State Department spokesman Tom Casey welcomed Ban's announcement but said Washington is waiting too see action. "Seeing is believing," Casey said.

Aid agencies have said they are preparing barges, rubber boats and other vessels to deliver aid once approval is given.

"While the pace of aid deliveries has increased in the past week, the entire relief effort is only scratching the surface of what is needed in a disaster of this scale," said Melissa Winkler, of the International Rescue Committee. "Limited access to cyclone survivors has been the largest obstacle."

Nearly three weeks after the storm, the U.N. Food and Agriculture Organization warned Friday that hundreds of thousands of people have insufficient food, and prices for rice, cooking oil and other basics have doubled throughout the country.

Only a "very narrow window of opportunity" remains to provide seeds and other material to farmers before the rice-planting season begins in a few weeks, the agency said.

The International Red Cross said rivers and ponds in Bogalay remained full of corpses and many people in remote areas had received no aid.

"This is a significant step forward, and could be a turning point in the aid response," Brian Agland, who heads the U.S.-based aid group CARE in Myanmar, said of Ban's trip.

Even getting into Myanmar was progress for Ban, who will return for the Sunday donors meeting.
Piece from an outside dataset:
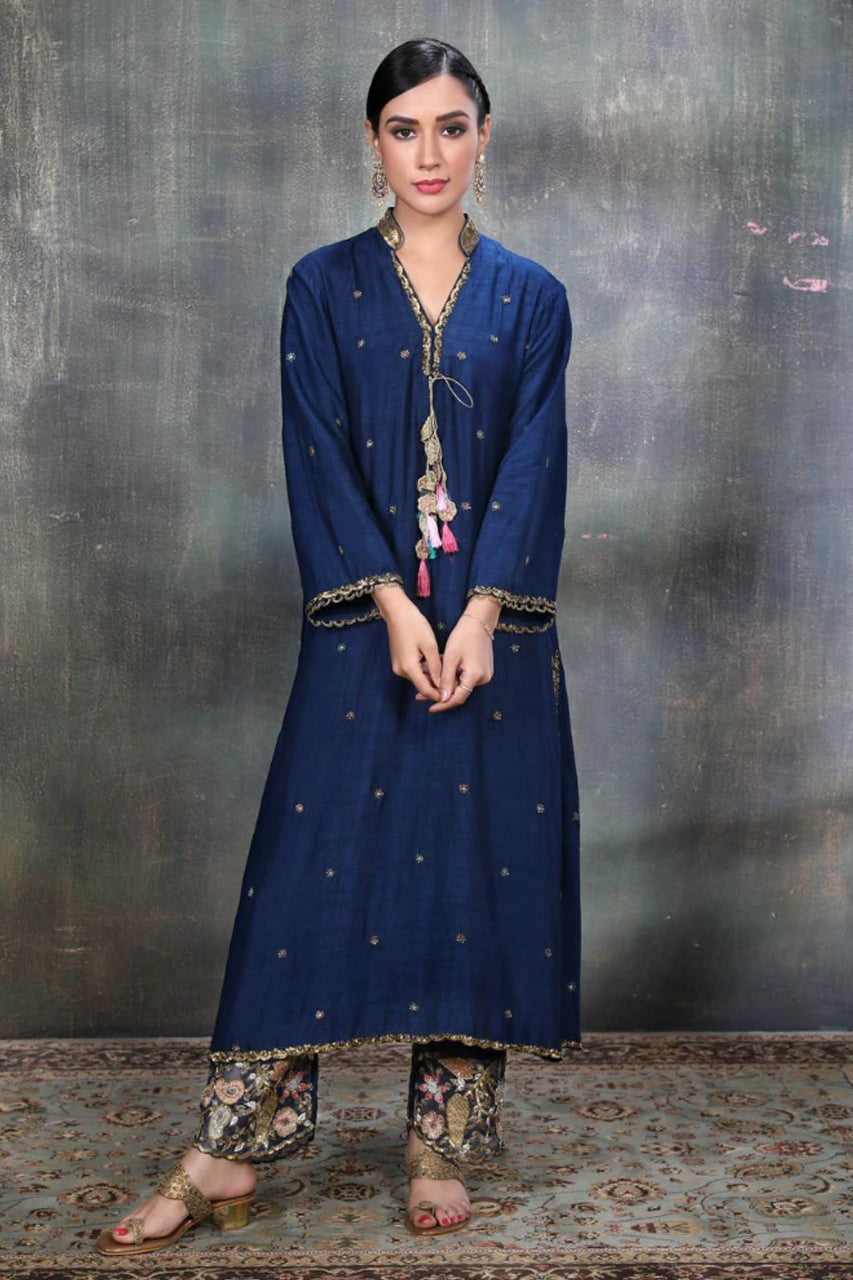 Blue Mughal Jaal Heavy Palazzo Kurta Set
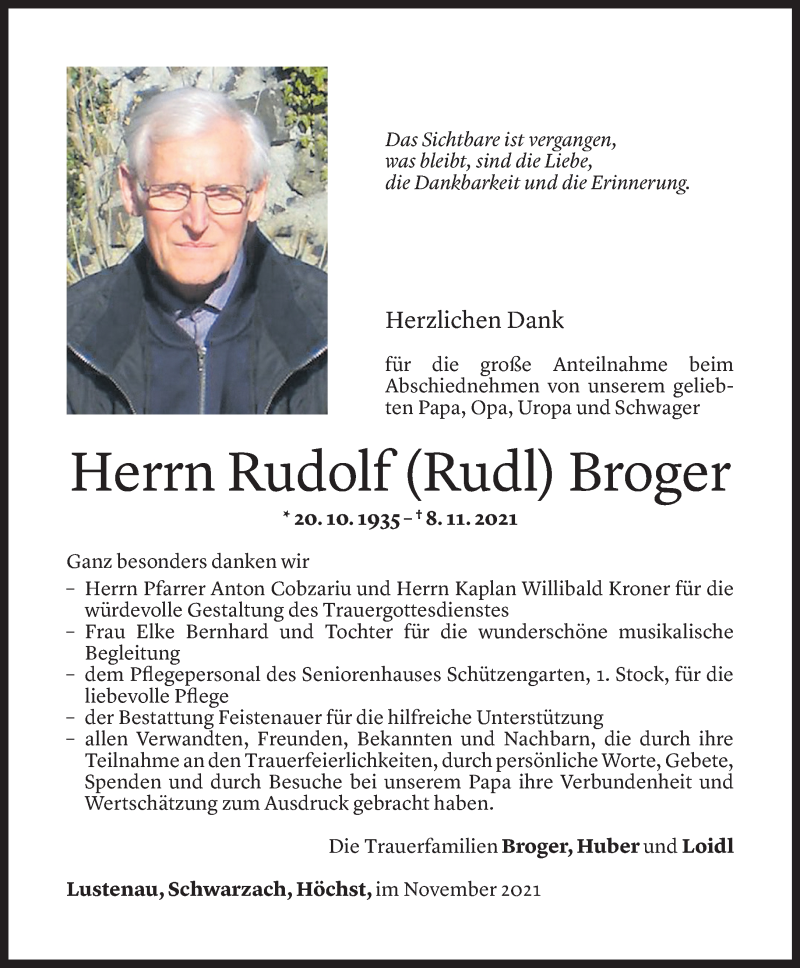  Todesanzeige für Rudolf Broger vom 26.11.2021 aus Vorarlberger Nachrichten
The 76-year-old Than Shwe - reclusive, superstitious and known as "the bulldog" for his stubbornness - had refused to answer Ban's calls from New York or to respond to two letters.

But the junta allowed Ban to fly to the remote capital of Naypyitaw early Friday after taking him on a carefully choreographed, four-hour helicopter tour of the disaster zone Thursday.

Ban tried to avoid political hot-button issues.

It was not known whether Ban discussed the fate of opposition leader Aung San Suu Kyi, whose latest period of detention expires Monday. A string of U.N. envoys have in the past failed to spring the Nobel Peace Prize laureate from house arrest.

Ban also did not comment on a constitutional referendum to be held in Yangon and delta areas Saturday that critics say is a pretext to strengthen the military's political footing.

Though his work for Myanmar is still far from completed, Ban will fly to Chengdu in China on Saturday to inspect the damage done by the May 12 earthquake there, members of his entourage and the Chinese foreign ministry said.